Beberapa menit yang lalu aku membicarakan tentang kepayahan fisik saat kerja
bakti di kampung. Kerja bakti yang hampir membuatku pingsan itu tuh.
“Opo iyo pak!? Kapan
kui?” tanyaku sedikit kaget. Malam ini aku meluangkan waktu untuk mampir ke
warungnya Mbah Pri. Suasana warung susu
segar Mbah Pri malam ini tidak terlalu ramai seperti malam minggu di beberapa
bulan yang lalu. Iya. Aku memang menghampiri warung susu tersebut tidak di
malam minggu lagi. Malam Senin. Aku datang di malam senin dengan harapan dapat
berbincang lebih personal dengan Mbah Pri. Penjual susu segar legendaris
kebanggaan mama papanya di kampung.
“Pas jaman lebaran
taun wingi, aku wis sadar sih yen ameh semaput” jawabnya terkekeh-kekeh
menertawakan dirinya sendiri. Lucu, soalnya aku berpendapat orang yang bisa
menceritakan ‘kemalangan diri sendiri dengan riang gembira’ itu pertanda sang
empunya cerita sudah sangat dewasa baik secara mental dan moral. Yah, Mbah Pri
emang cukup tua sih. Walaupun secara umur belum terlalu tua, kira-kira beliau
berumur 40-an tahun. Hanya saja uban yang tumbuh subur di kepala membuat dia
tampak terlihat cukup pantas untuk dipanggil ‘Mbah’.
“Lha bar mangan toh
ngerti-ngerti kabeh peteng, terus tangi aku wis ono rumah sakit” lanjutnya
sembari sesekali pergi ke ‘meja kerja’ untuk membuatkan pesanan para pembeli.
“Kok iso ngono yo
pak!?” aku hanya bisa bertanya dan terus bertanya. Apalagi jika mengingat
pandangan mataku yang mulai kabur gara-gara sedikit kelelahan hari ini.
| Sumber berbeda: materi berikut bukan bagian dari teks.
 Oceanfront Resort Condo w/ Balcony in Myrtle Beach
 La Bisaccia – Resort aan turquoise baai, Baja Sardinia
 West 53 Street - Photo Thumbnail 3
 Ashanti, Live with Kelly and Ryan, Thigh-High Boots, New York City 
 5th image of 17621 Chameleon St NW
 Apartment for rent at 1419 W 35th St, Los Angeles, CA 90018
Buat yang belum tahu, warung susu Mbah Pri berlokasi di
Pujasari, tempat dimana banyak lukisan di jual di daerah Sriwedari. Beliau buka
mulai jam 18.00 WIB sampai hampir tengah malam. Kalau boleh jujur, susu segar
yang Mbah Pri jual, sebenarnya tidak terlalu jauh berbeda dengan susu-susu segar lain di luar sana. Hal
penting yang menjadi kelebihan susu segar Mbah Pri adalah keramahannya dalam
melayani pembeli, apalagi jika pembelinya adalah sesosok cowok kribo berhati
galau semacam aku.
“Yo iso nu ji! Yen
nduwe masalah mbok piker abot terus otak, ati, lan awakmu ora kuat, yo dadine
ngundang penyakit. Contone penyakit jantung!”.
Mak dheg!
Hatiku berdesir saat Mbah Pri mengatakan hal tersebut.
Percaya atau tidak, aku beberapa kali merasa pernah mengalami hal tersebut.
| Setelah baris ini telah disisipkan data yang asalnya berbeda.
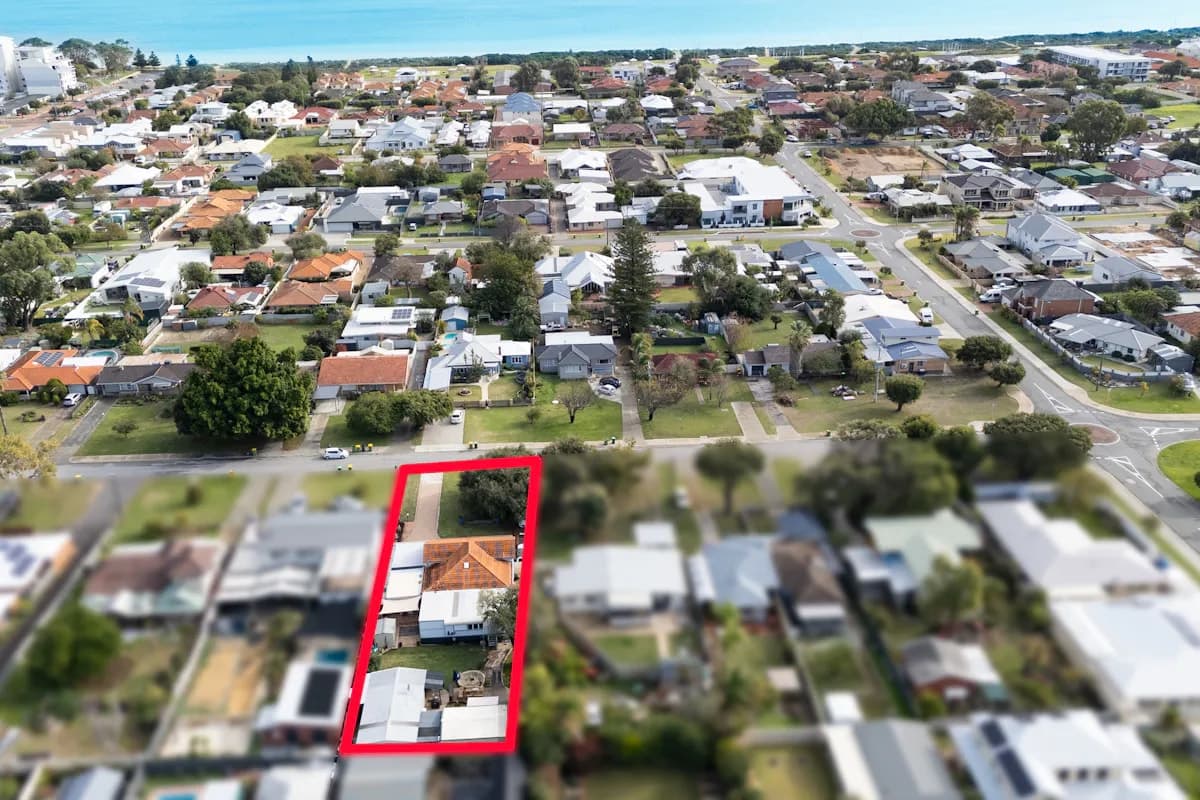 19 Jecks Street, Rockingham, WA, 6168, Rockingham - Thumbnail 2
Nyaliku sedikit menciut, lalu dengan sedikit ‘alasan kecil’ ingin membalas SMS,
aku segera berpindah kursi untuk menenangkan pikiran.
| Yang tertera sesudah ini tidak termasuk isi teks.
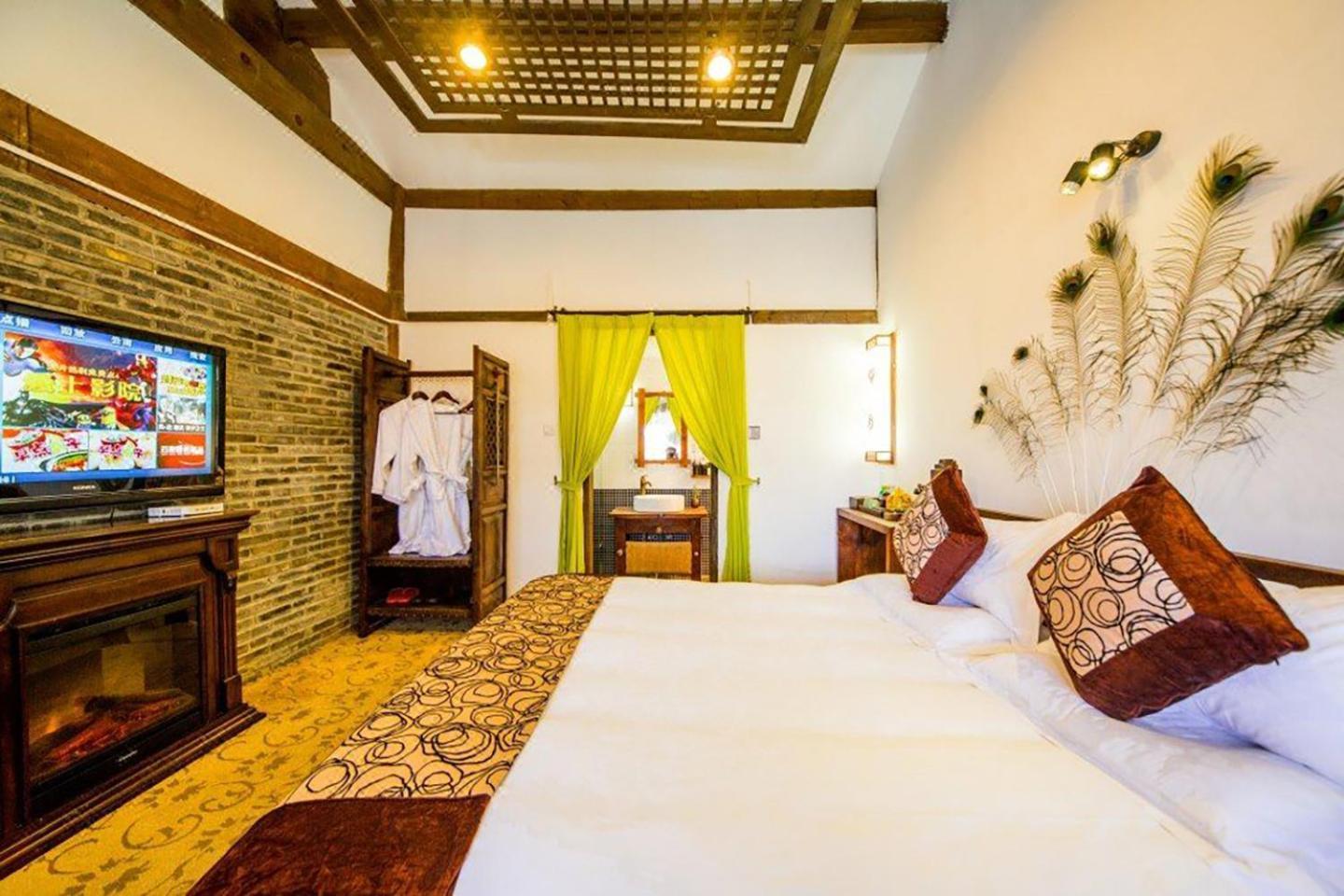 Big Tree Guesthouse - Naxi Old Style Li-ťiang Exteriér fotografie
Aku sepertinya benar-benar cukup kelelahan. Bertemu banyak
orang di satu hari yang sama itu ternyata menyita banyak energi kehidupan.
Adududuh. Segera saja kualihkan pandanganku ke segala arah.
Entah sejak kapan aku sudah terbiasa dengan semua rupa yang
ada di warung tersebut. Dinding berwarna biru pucat, sticker lawas bin jadul
tertempel di langit-langit, hingga lukisan singa karya salah satu pelanggan
yang katanya teman dekat Mbah Pri. Pokoknya tempat ini benar-benar tempat
dimana time slip bukan hanya sekedar
mitos belaka. Btw, mitos kui panganan opo toh?
Namun prosesiku untuk menenangkan pikiran tidak berlangsung
lama. Entah sejak kapan, tiba-tiba saja aku sudah berpindah kursi lagi dan
nongkrong tepat di depan Mbah Pri lagi.
Kampret!! Sepertinya gara-gara godaan buat pamer buku komik
tadi tuh yang menyeretku kembali lagi ke posisi yang ini.
Dan tentu saja obrolan itu berlanjut. Aku sudah bersiap
untuk mengalihkan fokus ke tempat lain agar kelelahan di tubuh manusiaku ini
tidak lagi menjadi-jadi. Ambil napas panjang dan bersiap mendengarkan
kelanjutan cerita Mbah Pri tentang ‘penyakit jantung’.
“Tapi saiki aku wis
ora mikir abot koyo mbiyen ji! Aku sadar yen kabeh neng awak kui yo nduwe
batese dhewe-dhewe.” Aku tercekat. Loh,ternyata bukan keluhannya tentang penyakit lagi.
“Pokokmen yen ketemu
masalah sing aku wis ora nyadak langsung tak culke terus tak pasrahke karo Sing
Gawe Urip” Mbah Pri berkata hal yang sangat wise, uaoh. Apa yang dikatakan Mbah Pri kali ini sejalan dengan apa
yang aku lakukan beberapa hari ini.
Kalimat dari Mbah Pri
yang berbunyi “aku wis ora nyadak
langsung tak culke terus tak pasrahke karo Sing Gawe Urip”, di kamusku
berubah menjadi kalimat “Wis sak karep-Mu
lah!!”.
Pengen jadi komikus
top tapi entah kenapa jalannya kok terjal sekali. “Wis sak karep-Mu lah!!”.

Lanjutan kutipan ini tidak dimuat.